Le WAC perd son bras de fer juridique contre Ammouta
Le WAC perd un litige contre son ancien entraîneur Houcine Ammouta. Six millions de DH en jeu. Un dossier où flirtent le sportif et le juridique.
Ils émanent du monde du football, mais c’est sur le terrain juridique qu’ils ont croisé le fer. Le WAC a définitivement perdu son litige contre Houcine Ammouta. La commission centrale d’appel de la Fédération royale marocaine de football a, en effet, confirmé la décision de la Chambre nationale de résolution des litiges, qui avait condamné le club casablancais à verser 6,2 millions de DH à son ex-entraîneur (entre 2017 et 2018).
La commission centrale s’est prononcée le 16 avril 2019, mais le verdict, dont Médias24 détient copie, n’a été notifié aux parties que le 15 juillet. Il fait suite à l’appel interjeté par le Wydad après sa condamnation en première instance.
La procédure avait été initiée par Ammouta plus d’un mois après son licenciement, annoncé par un communiqué datant du 9 janvier 2018 et publié sur le site officiel du WAC. Assisté par Me Hicham Naciri et Me Yassir Ghorbal (Cabinet Allen & Overy), l’entraîneur accusait la direction du club d’avoir résilié, de manière "unilatérale et abusive", le contrat qui les liait pour les saisons 2016-2017 et 2017-2018.
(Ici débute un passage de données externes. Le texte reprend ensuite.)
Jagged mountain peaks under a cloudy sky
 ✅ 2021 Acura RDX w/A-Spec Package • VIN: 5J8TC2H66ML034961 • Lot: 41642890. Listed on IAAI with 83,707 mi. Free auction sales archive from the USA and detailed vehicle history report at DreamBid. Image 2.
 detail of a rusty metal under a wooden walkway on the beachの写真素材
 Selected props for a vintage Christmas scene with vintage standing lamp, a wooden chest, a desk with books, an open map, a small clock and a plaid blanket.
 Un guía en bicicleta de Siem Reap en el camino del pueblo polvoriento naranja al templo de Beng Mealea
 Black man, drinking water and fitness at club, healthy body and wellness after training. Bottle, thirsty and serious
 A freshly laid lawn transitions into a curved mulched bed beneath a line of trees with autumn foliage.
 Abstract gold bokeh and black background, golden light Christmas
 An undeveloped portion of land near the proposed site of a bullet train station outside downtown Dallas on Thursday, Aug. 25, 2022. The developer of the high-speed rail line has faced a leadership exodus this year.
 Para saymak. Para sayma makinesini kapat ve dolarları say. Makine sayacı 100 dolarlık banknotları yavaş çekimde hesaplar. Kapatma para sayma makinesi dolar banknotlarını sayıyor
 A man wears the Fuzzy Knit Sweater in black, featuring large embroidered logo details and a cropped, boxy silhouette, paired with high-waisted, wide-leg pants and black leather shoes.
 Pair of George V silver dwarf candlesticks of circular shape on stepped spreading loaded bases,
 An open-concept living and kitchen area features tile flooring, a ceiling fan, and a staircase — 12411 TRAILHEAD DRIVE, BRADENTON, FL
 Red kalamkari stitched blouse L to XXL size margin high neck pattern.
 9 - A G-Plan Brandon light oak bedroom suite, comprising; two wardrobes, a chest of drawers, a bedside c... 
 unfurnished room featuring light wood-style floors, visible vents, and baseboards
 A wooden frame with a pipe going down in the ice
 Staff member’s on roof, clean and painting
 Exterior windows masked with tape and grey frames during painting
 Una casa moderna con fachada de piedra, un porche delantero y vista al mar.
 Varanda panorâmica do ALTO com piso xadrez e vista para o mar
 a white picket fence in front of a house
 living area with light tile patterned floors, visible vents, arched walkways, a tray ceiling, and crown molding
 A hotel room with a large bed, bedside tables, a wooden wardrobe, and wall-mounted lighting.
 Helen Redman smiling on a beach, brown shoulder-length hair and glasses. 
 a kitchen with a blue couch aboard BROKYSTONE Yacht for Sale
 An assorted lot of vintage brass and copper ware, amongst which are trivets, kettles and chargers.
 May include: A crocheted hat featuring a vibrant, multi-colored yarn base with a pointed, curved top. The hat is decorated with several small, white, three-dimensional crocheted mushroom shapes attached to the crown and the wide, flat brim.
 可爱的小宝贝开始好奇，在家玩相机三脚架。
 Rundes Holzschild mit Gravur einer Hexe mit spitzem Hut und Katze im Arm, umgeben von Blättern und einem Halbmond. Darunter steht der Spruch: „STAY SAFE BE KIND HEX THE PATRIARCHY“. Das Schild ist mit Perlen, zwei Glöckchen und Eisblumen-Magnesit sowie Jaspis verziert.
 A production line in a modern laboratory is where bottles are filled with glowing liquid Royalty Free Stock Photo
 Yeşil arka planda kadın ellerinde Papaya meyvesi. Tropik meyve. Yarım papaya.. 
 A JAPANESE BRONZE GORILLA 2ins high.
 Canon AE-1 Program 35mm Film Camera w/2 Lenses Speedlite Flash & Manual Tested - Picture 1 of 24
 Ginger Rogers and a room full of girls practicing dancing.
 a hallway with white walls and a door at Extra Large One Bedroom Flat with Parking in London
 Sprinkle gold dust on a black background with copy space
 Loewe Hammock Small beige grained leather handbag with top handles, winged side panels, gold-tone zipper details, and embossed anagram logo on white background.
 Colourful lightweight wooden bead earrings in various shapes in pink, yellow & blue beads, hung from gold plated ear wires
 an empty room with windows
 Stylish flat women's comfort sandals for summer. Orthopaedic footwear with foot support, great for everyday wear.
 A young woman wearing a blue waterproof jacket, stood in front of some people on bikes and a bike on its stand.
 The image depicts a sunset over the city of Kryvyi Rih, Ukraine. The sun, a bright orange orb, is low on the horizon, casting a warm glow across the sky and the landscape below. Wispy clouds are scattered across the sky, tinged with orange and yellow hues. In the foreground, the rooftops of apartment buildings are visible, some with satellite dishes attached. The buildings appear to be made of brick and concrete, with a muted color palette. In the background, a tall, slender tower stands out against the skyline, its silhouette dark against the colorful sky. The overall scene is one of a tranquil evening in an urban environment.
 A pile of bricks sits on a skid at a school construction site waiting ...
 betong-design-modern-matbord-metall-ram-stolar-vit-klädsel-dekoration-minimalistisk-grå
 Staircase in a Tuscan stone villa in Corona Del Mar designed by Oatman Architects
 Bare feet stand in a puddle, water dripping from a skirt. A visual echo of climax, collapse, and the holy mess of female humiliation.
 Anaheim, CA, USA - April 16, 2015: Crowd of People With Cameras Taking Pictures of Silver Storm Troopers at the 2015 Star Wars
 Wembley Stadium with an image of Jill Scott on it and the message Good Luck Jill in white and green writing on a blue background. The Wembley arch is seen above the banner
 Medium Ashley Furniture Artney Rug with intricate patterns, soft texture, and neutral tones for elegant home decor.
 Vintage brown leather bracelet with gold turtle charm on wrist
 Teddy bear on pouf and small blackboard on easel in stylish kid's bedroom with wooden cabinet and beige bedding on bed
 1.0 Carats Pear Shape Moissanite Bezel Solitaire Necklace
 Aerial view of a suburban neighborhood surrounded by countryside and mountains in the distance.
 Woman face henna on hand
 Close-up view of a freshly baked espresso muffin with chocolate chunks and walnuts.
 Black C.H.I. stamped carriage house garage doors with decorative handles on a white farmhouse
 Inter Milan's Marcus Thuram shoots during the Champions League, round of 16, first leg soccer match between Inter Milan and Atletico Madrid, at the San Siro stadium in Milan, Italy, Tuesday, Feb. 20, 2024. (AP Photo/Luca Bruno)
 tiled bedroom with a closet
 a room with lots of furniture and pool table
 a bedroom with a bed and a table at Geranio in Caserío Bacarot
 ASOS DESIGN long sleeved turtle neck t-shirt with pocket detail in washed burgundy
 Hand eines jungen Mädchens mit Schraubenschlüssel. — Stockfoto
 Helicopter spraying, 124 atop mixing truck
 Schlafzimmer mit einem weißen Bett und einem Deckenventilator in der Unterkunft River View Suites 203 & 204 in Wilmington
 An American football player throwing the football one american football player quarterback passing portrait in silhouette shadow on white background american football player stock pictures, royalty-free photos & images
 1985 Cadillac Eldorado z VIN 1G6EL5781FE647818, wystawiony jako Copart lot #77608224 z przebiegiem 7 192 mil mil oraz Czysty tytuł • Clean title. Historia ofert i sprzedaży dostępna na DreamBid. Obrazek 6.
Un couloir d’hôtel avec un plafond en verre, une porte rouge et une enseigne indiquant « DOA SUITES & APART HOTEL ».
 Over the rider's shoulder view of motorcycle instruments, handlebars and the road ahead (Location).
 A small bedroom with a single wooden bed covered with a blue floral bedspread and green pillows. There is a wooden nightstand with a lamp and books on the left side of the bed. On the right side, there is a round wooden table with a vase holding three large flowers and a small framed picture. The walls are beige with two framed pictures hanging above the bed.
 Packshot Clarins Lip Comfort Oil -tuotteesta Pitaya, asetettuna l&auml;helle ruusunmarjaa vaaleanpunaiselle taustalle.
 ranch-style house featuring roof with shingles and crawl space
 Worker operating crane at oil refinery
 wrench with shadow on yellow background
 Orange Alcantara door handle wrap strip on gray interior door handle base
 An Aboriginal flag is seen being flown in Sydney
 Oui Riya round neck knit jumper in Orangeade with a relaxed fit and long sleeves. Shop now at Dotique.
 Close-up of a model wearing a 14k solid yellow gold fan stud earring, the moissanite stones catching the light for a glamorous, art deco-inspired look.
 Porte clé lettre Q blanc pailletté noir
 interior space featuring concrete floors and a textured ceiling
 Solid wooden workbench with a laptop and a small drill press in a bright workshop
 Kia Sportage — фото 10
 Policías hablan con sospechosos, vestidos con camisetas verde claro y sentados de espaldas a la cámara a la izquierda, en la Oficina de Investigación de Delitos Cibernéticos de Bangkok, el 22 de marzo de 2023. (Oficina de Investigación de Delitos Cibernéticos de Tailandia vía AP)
Qui plus est, le demandeur reprochait à son ancien employeur de s’être "indûment abstenu d’honorer ses obligations au titre de la saison 2016-2017" et de la première partie de la saison suivante. Raison pour laquelle il avait réclamé 6,5 MDH de dédommagements. Ce montant comprend différentes indemnités, des salaires dus (entre janvier et juin 2018 à raison de 150.000 DH mensuels) et des primes (par exemple: 3 MDH pour avoir remporté le championnat national et la Ligue des champions).
Représenté par Me Abdellatif Ouahbi, le WAC, pour sa part, introduit une demande reconventionnelle, invoquant la responsabilité de l’entraîneur tout en lui demandant 3,6 MDH au titre de réparation. Une somme qui correspondrait aux dépenses engagées suite aux "fautes" de l’entraîneur.
En substance, le club avait imputé à Ammouta la série des mauvais résultats enregistrés après la victoire en Ligue des champions africaine et, en outre, d’avoir entamé des négociations avec le club égyptien Zamalek alors qu’il était toujours sous contrat avec la formation rouge.
Rejeté en première instance, cet argumentaire a été réitéré en appel sans pour autant convaincre: «Du point de vue contractuel, les défaites en série du club ne prouvent aucunement une faute de l’entraîneur, le contrat ne contenant aucune clause de résiliation en ce sens. Son travail d’entraîneur repose essentiellement sur la bonne diligence et non sur l’obligation de résultat. Tant que sa négligence n’est pas établie, les prétentions du club concernant les dépenses supplémentaires ne peuvent être imputables à l’entraîneur", a tranché la commission centrale d’appel de la FRMF.